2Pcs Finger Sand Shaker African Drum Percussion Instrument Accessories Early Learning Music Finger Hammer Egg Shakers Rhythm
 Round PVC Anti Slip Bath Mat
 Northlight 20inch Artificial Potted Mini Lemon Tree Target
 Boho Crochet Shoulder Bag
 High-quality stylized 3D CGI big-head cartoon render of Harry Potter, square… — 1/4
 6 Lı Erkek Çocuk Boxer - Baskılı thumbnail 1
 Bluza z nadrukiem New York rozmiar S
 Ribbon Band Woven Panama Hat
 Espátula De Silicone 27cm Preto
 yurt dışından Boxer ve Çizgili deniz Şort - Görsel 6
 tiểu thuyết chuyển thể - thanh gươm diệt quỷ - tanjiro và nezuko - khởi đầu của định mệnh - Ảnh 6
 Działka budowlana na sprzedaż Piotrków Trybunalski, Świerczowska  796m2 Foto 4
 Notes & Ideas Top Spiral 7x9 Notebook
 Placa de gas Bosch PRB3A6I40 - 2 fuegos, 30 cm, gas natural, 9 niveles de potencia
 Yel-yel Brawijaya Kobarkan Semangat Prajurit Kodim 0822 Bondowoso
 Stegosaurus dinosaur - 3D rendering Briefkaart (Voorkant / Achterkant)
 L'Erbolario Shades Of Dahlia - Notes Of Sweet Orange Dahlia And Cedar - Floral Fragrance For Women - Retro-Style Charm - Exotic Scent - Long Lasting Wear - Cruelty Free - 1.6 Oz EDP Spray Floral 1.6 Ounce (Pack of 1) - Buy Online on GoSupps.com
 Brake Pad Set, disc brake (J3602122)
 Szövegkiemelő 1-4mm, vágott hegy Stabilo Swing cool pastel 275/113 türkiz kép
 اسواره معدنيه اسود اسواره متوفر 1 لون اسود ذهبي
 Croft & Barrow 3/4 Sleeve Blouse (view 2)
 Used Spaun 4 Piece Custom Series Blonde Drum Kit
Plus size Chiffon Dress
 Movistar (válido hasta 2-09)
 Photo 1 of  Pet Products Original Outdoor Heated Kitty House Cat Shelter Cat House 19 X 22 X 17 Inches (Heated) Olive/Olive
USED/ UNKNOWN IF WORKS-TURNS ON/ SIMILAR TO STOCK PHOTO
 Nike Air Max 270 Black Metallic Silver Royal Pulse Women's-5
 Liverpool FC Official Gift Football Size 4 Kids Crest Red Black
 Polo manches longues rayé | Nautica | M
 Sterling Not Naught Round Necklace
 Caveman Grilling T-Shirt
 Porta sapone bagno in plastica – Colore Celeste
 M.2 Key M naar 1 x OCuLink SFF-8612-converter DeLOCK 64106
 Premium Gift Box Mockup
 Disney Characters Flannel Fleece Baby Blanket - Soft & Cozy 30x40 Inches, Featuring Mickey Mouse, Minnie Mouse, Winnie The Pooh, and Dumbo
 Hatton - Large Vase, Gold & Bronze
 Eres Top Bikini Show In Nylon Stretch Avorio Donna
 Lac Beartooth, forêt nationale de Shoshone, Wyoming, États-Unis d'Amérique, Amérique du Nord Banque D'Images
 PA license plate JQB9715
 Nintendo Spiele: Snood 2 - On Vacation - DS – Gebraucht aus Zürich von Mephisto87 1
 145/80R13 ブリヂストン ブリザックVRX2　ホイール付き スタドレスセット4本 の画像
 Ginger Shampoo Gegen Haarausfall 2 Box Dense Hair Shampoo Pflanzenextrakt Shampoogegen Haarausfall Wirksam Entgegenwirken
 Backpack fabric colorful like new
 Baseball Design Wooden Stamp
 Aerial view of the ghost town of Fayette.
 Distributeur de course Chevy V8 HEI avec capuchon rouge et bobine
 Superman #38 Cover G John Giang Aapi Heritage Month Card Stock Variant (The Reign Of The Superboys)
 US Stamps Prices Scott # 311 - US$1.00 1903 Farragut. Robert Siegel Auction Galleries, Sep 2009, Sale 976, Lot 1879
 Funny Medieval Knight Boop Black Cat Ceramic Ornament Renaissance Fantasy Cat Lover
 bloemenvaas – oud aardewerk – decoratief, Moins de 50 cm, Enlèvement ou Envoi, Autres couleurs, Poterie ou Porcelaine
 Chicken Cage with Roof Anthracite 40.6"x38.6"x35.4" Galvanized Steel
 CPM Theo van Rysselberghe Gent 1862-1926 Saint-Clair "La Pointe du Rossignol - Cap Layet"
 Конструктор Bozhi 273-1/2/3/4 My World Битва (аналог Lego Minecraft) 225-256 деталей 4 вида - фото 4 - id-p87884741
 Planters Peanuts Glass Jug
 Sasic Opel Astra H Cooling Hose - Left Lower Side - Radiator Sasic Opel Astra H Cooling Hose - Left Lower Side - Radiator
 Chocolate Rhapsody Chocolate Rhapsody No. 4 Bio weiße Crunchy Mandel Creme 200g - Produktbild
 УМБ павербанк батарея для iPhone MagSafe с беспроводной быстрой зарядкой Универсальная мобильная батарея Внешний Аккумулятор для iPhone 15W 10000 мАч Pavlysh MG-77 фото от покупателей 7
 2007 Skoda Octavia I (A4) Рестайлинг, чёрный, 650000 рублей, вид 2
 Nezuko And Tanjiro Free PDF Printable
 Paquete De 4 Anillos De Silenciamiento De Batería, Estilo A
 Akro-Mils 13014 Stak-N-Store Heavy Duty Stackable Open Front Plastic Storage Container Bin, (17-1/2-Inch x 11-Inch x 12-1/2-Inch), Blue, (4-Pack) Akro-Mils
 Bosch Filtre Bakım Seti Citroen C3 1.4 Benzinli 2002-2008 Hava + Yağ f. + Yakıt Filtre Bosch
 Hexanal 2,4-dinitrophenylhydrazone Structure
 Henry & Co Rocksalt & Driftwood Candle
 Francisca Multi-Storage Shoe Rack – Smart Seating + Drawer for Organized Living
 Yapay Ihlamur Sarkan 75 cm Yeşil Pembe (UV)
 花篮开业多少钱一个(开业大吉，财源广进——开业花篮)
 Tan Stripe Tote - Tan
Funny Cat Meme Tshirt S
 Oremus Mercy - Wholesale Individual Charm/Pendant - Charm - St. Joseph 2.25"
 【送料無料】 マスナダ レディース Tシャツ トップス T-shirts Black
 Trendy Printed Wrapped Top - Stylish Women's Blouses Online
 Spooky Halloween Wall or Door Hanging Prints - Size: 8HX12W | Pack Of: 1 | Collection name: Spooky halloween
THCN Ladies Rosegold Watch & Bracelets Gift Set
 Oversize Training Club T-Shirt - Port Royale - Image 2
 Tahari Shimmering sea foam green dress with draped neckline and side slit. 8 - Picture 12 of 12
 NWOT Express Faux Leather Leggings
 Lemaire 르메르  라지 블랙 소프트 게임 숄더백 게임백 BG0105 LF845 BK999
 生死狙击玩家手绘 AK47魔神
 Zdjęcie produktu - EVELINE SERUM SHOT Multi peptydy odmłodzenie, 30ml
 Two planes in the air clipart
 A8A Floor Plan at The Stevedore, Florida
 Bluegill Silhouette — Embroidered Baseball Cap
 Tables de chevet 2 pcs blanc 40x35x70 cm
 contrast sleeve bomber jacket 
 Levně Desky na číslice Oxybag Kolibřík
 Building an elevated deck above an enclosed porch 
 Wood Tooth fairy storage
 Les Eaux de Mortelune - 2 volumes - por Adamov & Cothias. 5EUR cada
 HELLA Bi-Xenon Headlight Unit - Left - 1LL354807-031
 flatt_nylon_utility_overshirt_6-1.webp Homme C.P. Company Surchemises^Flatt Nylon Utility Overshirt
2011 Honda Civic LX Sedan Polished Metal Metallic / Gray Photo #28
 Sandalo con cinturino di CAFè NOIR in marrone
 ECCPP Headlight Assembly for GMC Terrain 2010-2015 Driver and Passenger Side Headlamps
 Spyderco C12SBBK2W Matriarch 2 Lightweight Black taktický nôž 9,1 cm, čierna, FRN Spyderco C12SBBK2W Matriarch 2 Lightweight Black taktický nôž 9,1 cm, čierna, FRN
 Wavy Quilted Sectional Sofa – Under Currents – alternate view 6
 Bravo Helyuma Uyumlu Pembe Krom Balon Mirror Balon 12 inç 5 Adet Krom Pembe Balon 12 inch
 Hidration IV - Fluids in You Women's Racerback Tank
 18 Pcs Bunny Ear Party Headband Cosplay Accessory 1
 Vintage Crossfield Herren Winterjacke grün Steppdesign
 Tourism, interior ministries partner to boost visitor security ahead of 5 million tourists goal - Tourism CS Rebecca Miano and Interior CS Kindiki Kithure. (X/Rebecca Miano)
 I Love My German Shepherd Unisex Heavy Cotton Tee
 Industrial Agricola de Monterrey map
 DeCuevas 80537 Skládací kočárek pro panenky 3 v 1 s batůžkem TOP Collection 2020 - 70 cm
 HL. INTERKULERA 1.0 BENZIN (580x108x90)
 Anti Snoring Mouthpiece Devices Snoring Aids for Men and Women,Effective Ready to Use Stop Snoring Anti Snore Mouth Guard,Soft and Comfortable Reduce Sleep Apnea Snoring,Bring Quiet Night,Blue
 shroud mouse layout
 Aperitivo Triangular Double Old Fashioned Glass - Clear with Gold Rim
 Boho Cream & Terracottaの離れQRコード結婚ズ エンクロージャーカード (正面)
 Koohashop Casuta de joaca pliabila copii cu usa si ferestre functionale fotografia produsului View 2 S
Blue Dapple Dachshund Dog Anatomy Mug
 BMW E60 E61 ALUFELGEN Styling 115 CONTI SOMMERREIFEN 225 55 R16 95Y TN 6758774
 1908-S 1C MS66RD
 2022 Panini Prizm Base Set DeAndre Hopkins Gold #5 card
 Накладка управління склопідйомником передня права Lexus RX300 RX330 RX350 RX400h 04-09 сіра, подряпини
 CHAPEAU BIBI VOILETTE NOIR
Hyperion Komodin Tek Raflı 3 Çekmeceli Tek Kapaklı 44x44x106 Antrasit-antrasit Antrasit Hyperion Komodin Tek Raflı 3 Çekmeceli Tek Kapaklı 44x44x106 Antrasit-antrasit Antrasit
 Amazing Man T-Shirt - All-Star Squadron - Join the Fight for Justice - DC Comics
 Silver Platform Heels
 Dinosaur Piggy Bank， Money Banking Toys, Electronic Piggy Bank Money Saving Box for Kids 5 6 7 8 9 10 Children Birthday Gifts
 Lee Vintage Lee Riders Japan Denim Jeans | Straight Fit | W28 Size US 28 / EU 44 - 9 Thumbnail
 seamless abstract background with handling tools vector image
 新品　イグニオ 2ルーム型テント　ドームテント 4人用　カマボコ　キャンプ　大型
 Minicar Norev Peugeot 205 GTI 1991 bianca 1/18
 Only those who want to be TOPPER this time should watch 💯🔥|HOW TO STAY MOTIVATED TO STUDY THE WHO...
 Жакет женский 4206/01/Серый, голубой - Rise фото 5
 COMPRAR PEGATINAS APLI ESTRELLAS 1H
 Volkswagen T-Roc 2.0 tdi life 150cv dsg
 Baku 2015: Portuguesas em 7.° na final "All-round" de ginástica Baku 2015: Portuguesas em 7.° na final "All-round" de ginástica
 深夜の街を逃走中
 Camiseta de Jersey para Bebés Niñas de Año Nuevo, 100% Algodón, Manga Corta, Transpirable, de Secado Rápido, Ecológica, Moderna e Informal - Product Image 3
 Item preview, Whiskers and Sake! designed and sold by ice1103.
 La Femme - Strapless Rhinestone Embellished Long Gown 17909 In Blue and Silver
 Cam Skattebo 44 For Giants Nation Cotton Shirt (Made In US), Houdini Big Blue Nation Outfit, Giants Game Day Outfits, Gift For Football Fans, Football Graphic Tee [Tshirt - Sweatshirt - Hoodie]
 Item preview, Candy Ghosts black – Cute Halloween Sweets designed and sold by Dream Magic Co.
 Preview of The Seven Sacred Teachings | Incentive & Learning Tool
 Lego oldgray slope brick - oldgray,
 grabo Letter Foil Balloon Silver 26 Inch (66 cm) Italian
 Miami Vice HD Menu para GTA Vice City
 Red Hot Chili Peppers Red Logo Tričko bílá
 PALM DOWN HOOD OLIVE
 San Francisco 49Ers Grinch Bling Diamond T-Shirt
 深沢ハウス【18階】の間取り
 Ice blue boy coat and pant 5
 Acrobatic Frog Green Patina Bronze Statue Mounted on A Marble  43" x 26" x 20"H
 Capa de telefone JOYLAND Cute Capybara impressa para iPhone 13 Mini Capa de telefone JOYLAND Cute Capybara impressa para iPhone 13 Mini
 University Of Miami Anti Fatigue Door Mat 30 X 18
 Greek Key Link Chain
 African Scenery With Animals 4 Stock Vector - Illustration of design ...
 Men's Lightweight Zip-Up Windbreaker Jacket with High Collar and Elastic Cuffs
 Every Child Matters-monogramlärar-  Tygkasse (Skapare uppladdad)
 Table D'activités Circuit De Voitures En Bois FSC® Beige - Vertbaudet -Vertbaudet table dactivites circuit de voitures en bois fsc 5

-=-=-=-=-

**Task brief:**
Please copy, exactly as written, every line in the listing above from the line with "Chocolate Rhapsody Chocolate" up to and including the line with "2007 Skoda Octavia".

**Output:**
 Chocolate Rhapsody Chocolate Rhapsody No. 4 Bio weiße Crunchy Mandel Creme 200g - Produktbild
 УМБ павербанк батарея для iPhone MagSafe с беспроводной быстрой зарядкой Универсальная мобильная батарея Внешний Аккумулятор для iPhone 15W 10000 мАч Pavlysh MG-77 фото от покупателей 7
 2007 Skoda Octavia I (A4) Рестайлинг, чёрный, 650000 рублей, вид 2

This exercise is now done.